Plaxedes, a polling agent for the opposition party, the Movement for Democratic Change (MDC), was hiding from the Green Bombers, Zimbabwe's feared militia. When they found her, they beat her up. They made her crawl until her knee bones showed through torn flesh.
Then, three men frog-marched her to a well-known torture base on the foothills. There, they raped her several times. Her voice breaks as she tells what happened next: "They built a big fire and burnt me with red hot metal wires in my private parts."
Plaxedes and other Zimbabwean women raped by militia tell their stories in a powerful movie documentary premiered this week at Wits University in Johannesburg with a panel discussion afterwards.

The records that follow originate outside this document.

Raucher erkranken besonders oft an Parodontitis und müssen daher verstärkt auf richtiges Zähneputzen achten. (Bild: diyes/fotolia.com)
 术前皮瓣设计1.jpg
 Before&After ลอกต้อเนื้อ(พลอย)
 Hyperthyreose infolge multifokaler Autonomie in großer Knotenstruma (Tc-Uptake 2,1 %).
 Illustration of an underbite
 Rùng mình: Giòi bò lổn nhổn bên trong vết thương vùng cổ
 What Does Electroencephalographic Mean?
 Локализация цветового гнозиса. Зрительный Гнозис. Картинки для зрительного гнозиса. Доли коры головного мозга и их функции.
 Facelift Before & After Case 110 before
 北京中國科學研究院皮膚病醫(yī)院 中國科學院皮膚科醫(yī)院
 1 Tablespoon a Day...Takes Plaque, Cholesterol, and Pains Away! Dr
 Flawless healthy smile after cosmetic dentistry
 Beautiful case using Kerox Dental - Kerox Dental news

The event kick-started a drive by the Wits Institute for Social and Economic Research (WISER) to break the silence in South Africa about massive gender-based human rights abuses -- gang rape and sexual torture, in simple words -- taking place in neighbouring Zimbabwe.
"We must push our human rights institutions and academics to make a stand about what is happening in Zimbabwe," said Sheila Meintes, a member of South Africa's Commission on Gender Equality and a lecturer in political studies at Wits University.